The $8 billion swap dealer de minimis threshold adopted by the Commodity Futures Trading Commission (CFTC) five years ago will remain in place until at least the end of 2019, following a CFTC vote Thursday.

In April 2012, the CFTC and the Securities and Exchange Commission set the de minimis level at $8 billion, with the expectation that it would remain in effect during a phase-in period and then fall to $3 billion after CFTC conducted a study on the swap markets.
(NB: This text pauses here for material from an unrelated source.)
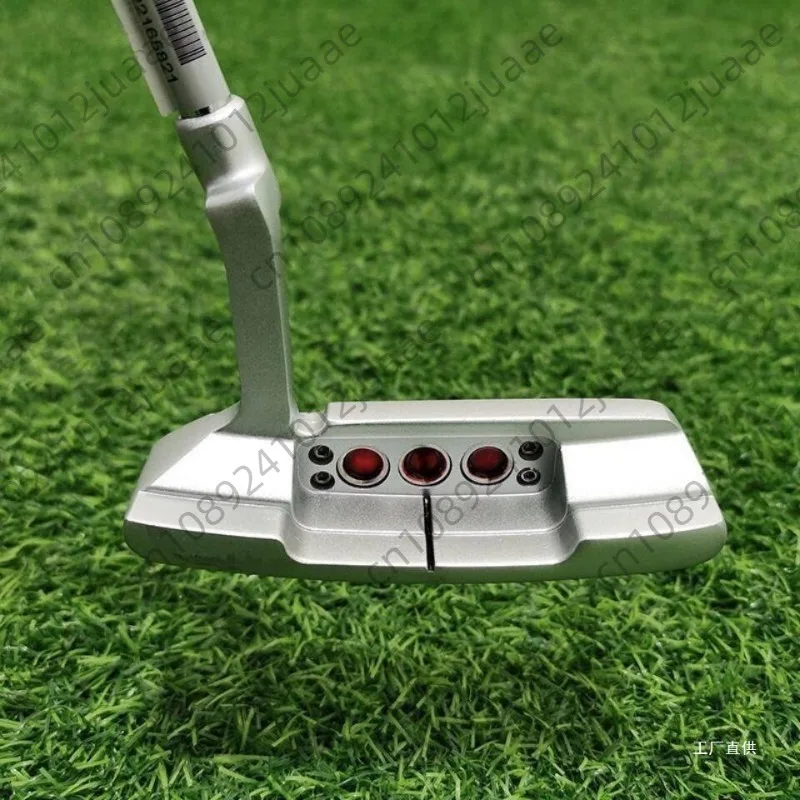 golf-putter-silver-three-20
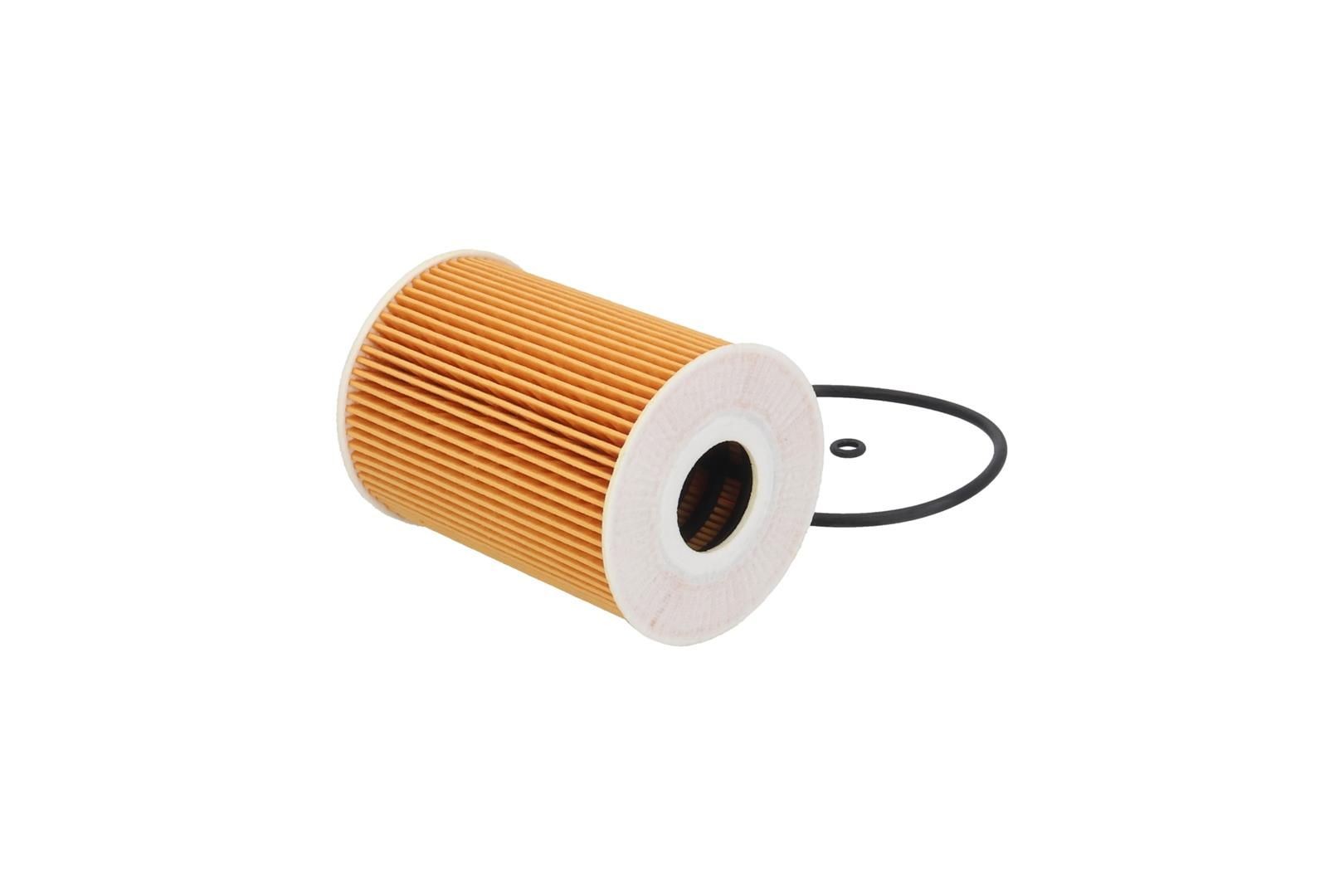 KAMOKA F129401 Oil filter Filter Insert-image-20856361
The de minimis rules were included in Dodd-Frank Wall Street regulatory reforms that became effective at the end of 2012.

The order issued by CFTC Thursday pushes the swap dealer de minimis threshold phase-in termination date to the end of 2019.

“Because of this action, the de minimis threshold will remain at $8 billion until Dec. 31, 2019, instead of decreasing to $3 billion on Dec. 31, 2018,” CFTC said. The extension gives CFTC “additional time to complete the current data analysis and for the CFTC to consider appropriate further action.”

Earlier this month CFTC Chairman Christopher Giancarlo said he would request the regulatory agency postpone a decision on the de minimis threshold by a year, effectively delaying implementation until the end of 2018. Giancarlo said he intended to propose in the first half of next year a final resolution of swap dealer de minimis issues, and did not intend to roll the decision over again beyond 2018.

CFTC said in its order that “significant progress is being made in analyzing additional swap data that will be useful for the commission to assess appropriate amendments to the de minimis exception rule.

“However, any such modifications, if implemented, would not become effective until some point in 2018, after the CFTC completes the proposal, public comment, and final rule amendment process as required by the Administrative Procedure Act.”